WORK TASK: Once you reach the line with "For rent 1 bed condo in Huai Khwang, Bangkok" in the material below, copy each line exactly up to and including the line with "Limberg, Huib: Watching exhibition", and skip the pictures.

---- DATA

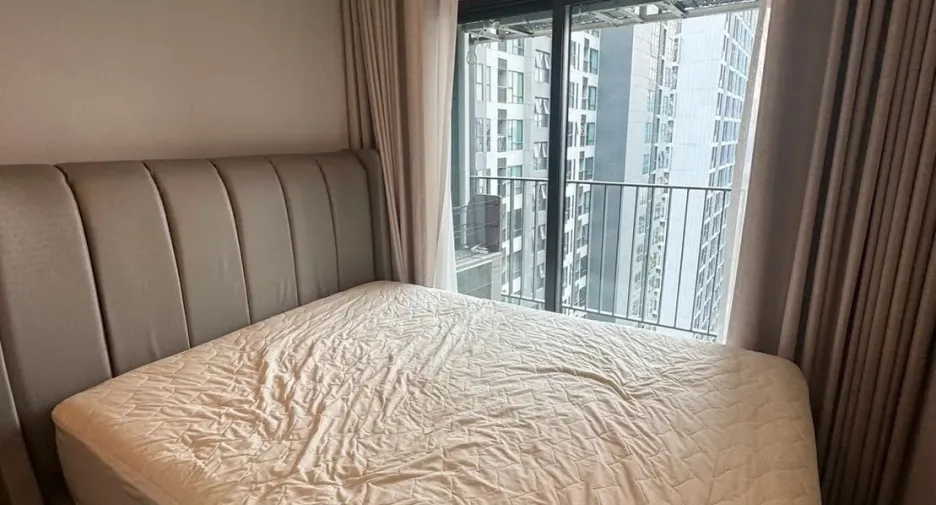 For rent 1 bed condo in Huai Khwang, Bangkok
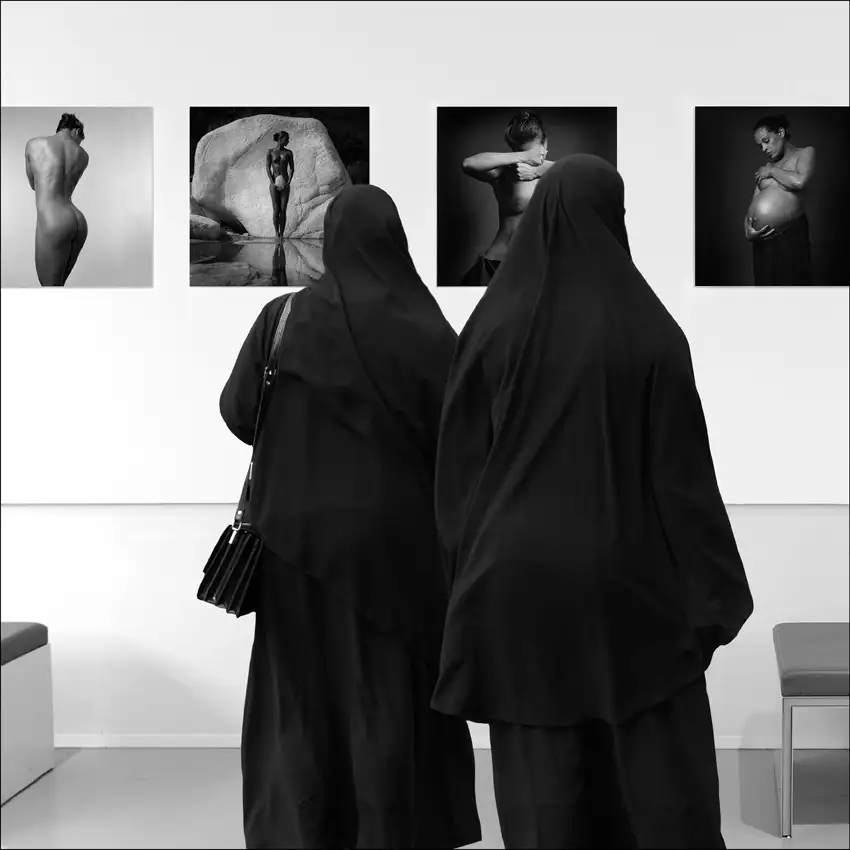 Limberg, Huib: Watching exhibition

--------
---- DATA

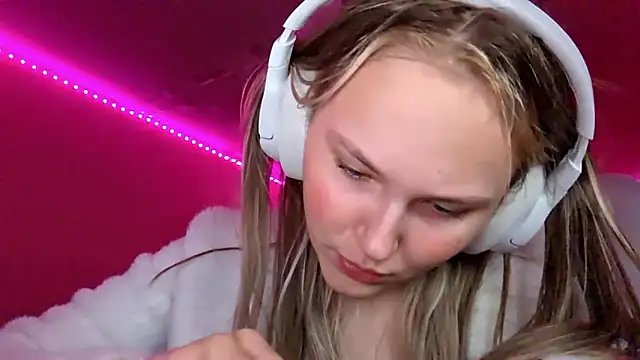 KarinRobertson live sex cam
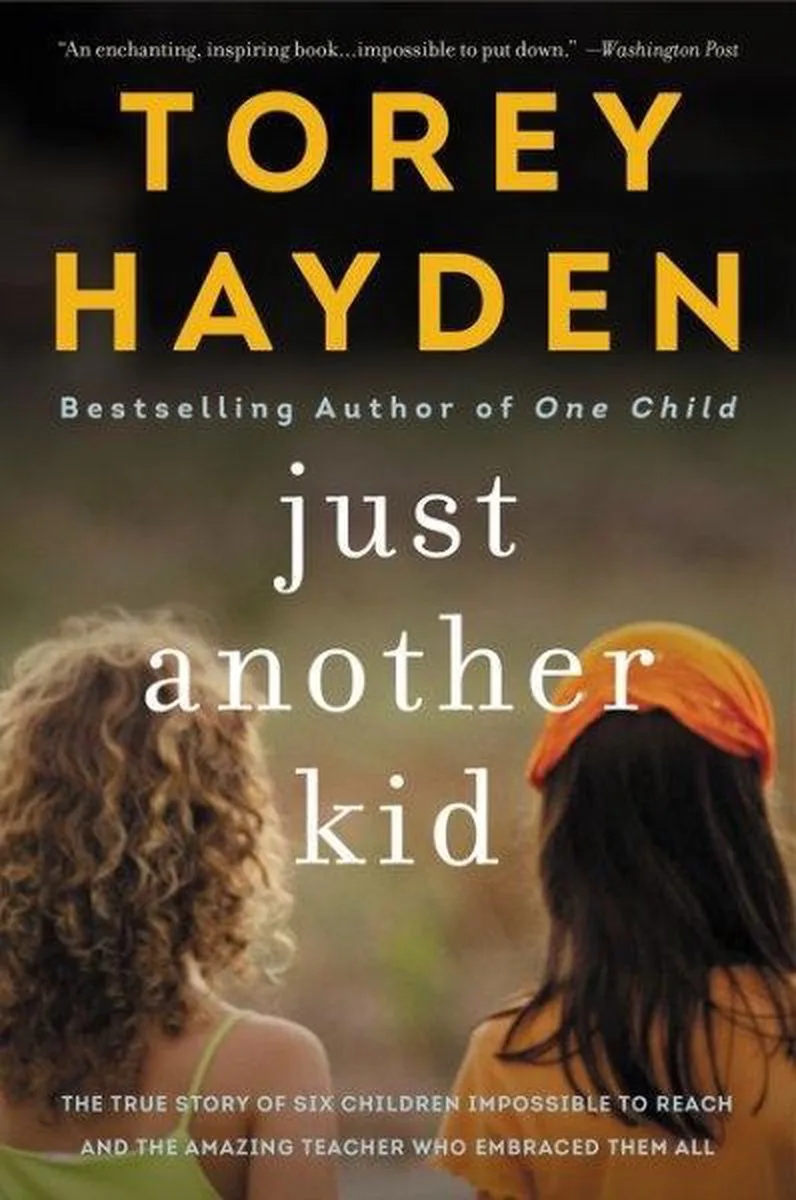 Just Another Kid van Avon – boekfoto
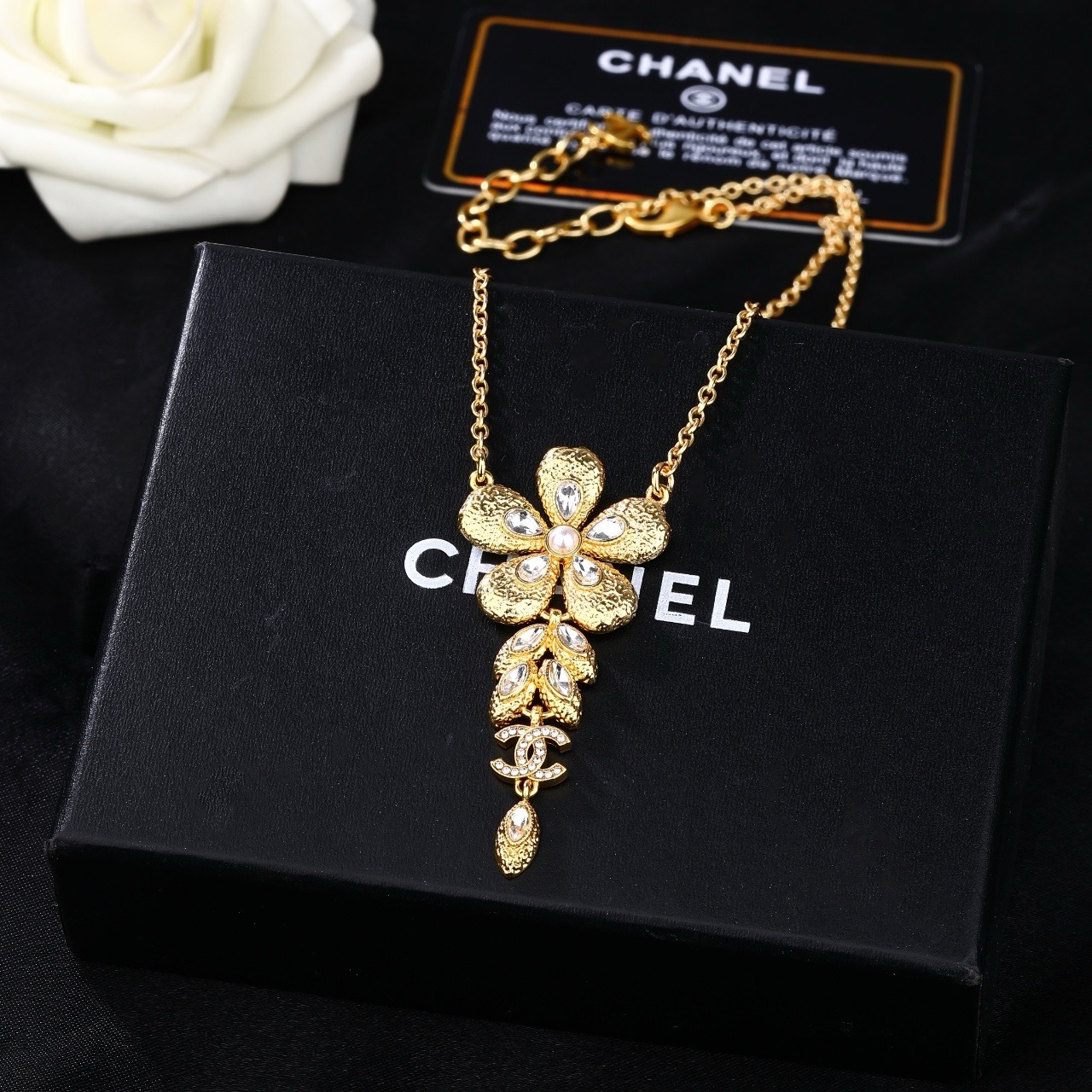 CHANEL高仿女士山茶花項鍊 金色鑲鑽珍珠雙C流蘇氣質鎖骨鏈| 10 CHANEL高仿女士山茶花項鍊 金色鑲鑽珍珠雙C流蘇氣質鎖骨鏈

--------

TASK OUTPUT:
 For rent 1 bed condo in Huai Khwang, Bangkok
 Limberg, Huib: Watching exhibition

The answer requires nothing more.